LISTED ENTRIES:
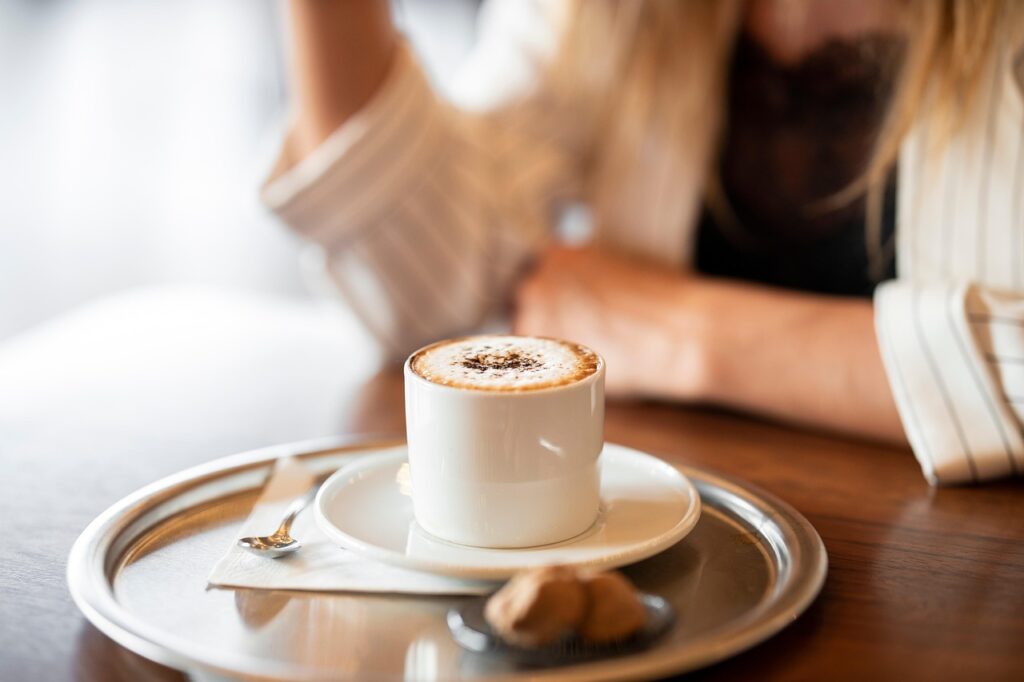 Klein kopje espresso geserveerd in een lokaal café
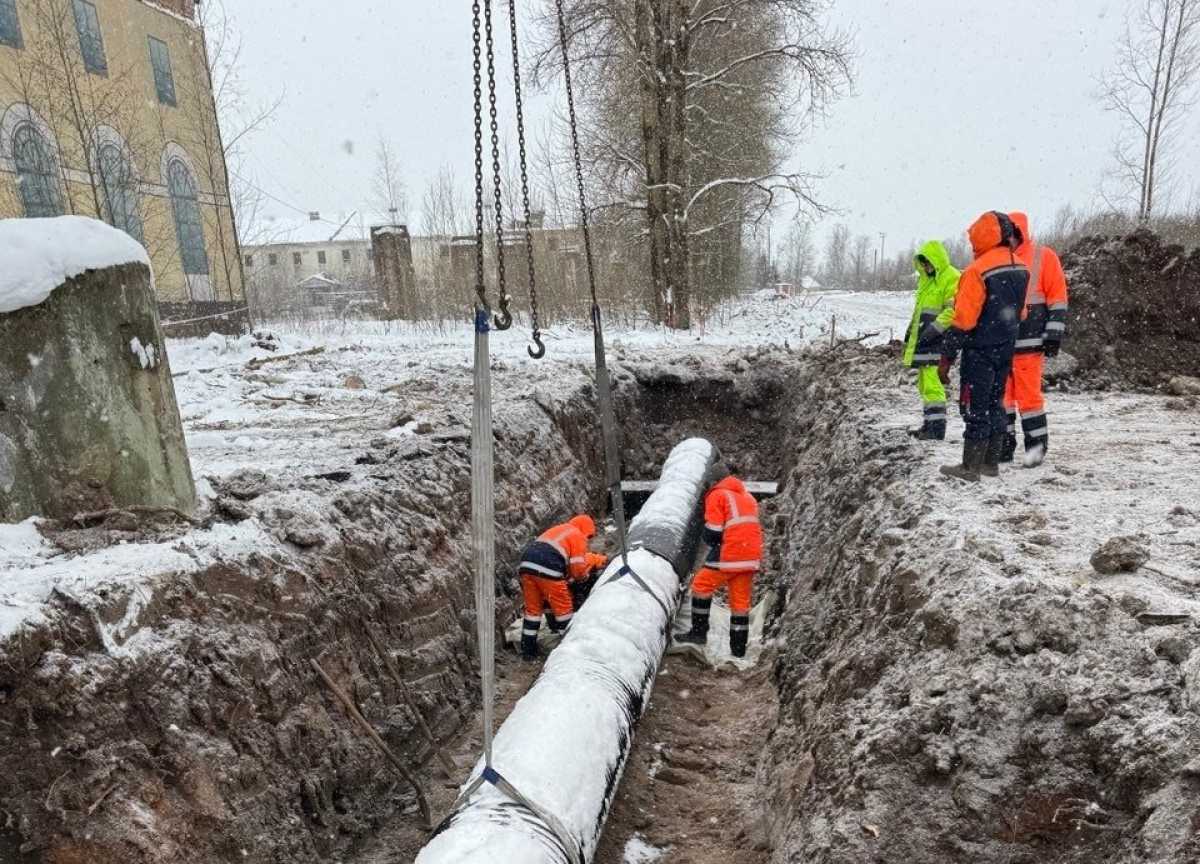 Сейчас на подъезде к аэродрому укладывают водопропускные трубы.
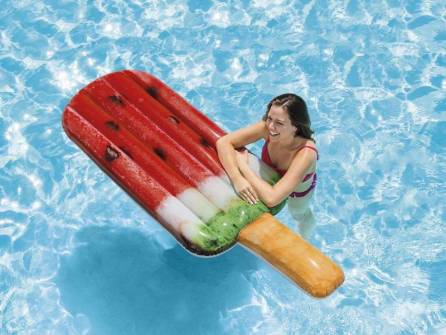matelas gonflable pour piscine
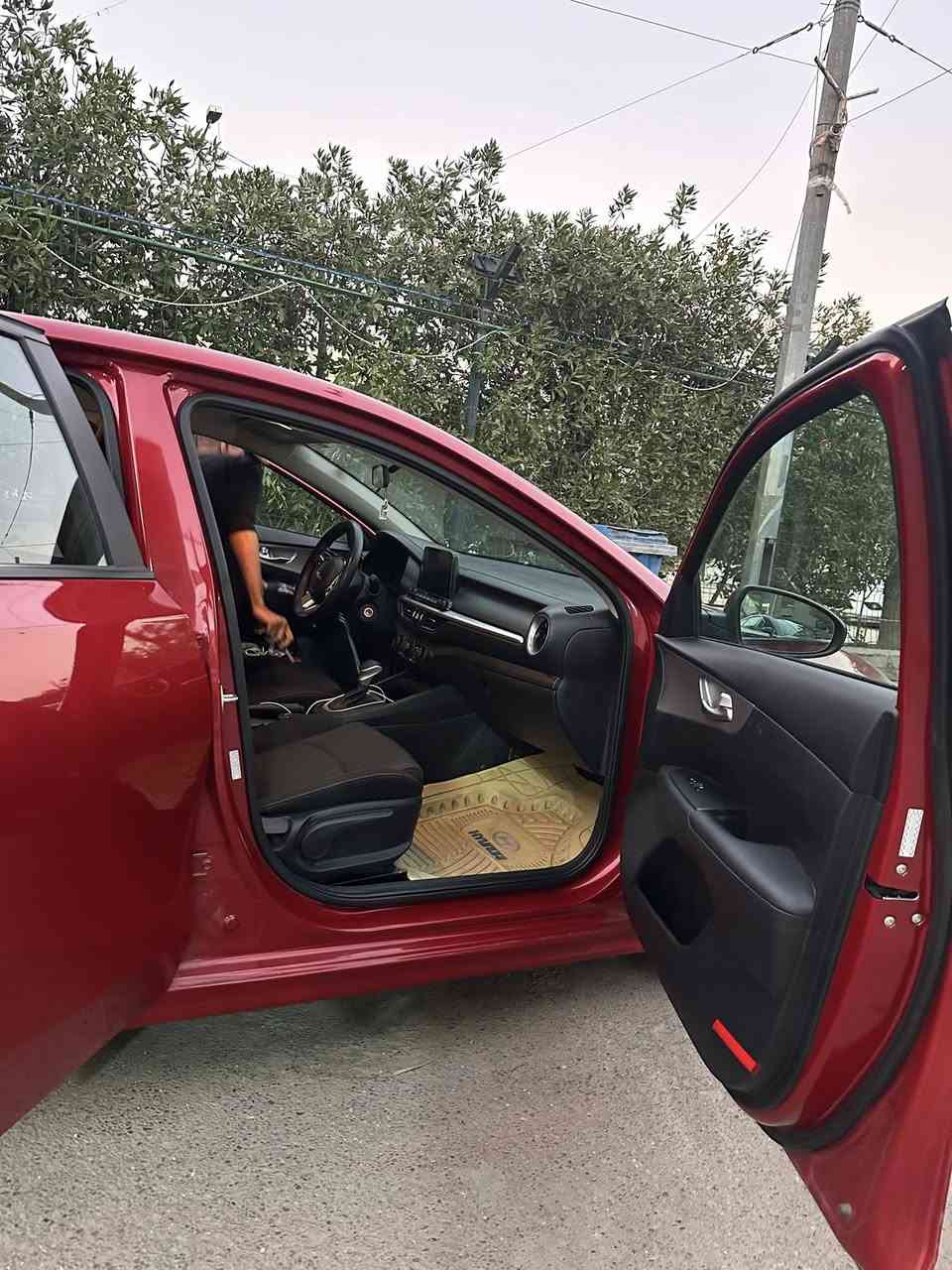 فورتي موديل 2024
حادثه قبق جنطه وراجع نفسه حادثه خفيف موضح بصوره بدون ايرباك بدون دواخل سياره أحلى من صوره 
ماشيه ٤٦ الف 
عنوان بغداد مدينه الصدر 
رقم بغداد 
***********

BRIEF: Omit the pictures and copy the records above exactly.

RESPONSE:
 Klein kopje espresso geserveerd in een lokaal café
 Сейчас на подъезде к аэродрому укладывают водопропускные трубы.
matelas gonflable pour piscine
 فورتي موديل 2024
حادثه قبق جنطه وراجع نفسه حادثه خفيف موضح بصوره بدون ايرباك بدون دواخل سياره أحلى من صوره 
ماشيه ٤٦ الف 
عنوان بغداد مدينه الصدر 
رقم بغداد 
***********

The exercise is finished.